Along the Causeway, artisans and craftsmen set up booths to sell their wares to tourists. Among them are several sketch artists who will do portraits in charcoal - caricatures, really. To advertise their skill, they have portraits of well-known movie stars hung in the booth. People pay to have their personalities captured, joking with their friends, answering the artists questions, posing, in every sense. The captain and I were strolling past one of these sketch artists yesterday when we saw a scenario that touched us both deeply.
The artist was bent over his drawing, rubbing out, retouching, really working, without the easy facility that characterized the cartoon-like pieces we had seen previously. Sitting in front of him was his subject, a young woman of the Mennonite or Hutterite faith, wearing a plain cotton dress, hair pulled back into a bun, without makeup. Her expression was solemn; she was resigned to sit, serenely, until the process was finished. She gave every impression of not being aware of what was apparent to all - she was utterly, and unaffectedly beautiful.
Her beauty and apparent innocence were exactly the source of the artist's difficulty. Caricature was unthinkable.

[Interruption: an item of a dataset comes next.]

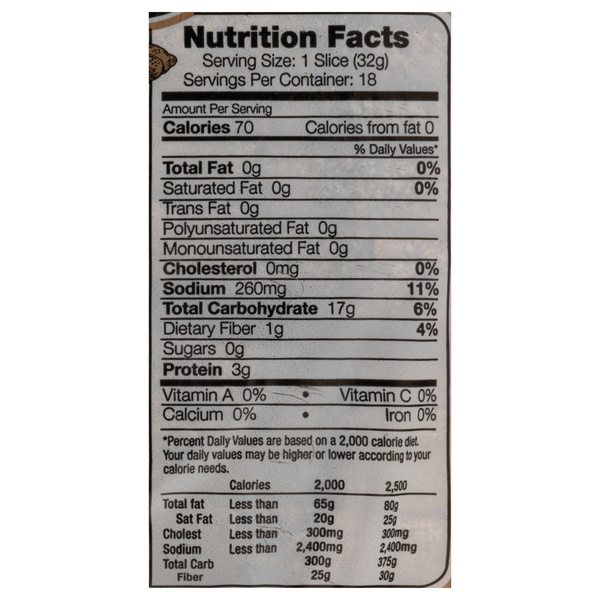 Nutritional Panel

He wanted to make a portrait this time - to use his skills to make art, instead of a cartoon. Behind him stood a young man who was clearly the husband of the young woman. His expression, too, was difficult to read, but we guessed that the complexity of the commission and its execution were of as much concern to him as they were to the artist.
We didn't stay to watch the process finished. It seemed too much like voyeurism. But extraordinary natural beauty and grace co-exist with crazy tourism and commercialism in Victoria. The photo above is the sailing ship "Pacific Grace", which leaves the Victoria docks most days with a cluster of tourist passengers, and gives them a taste of the beauty of sailing.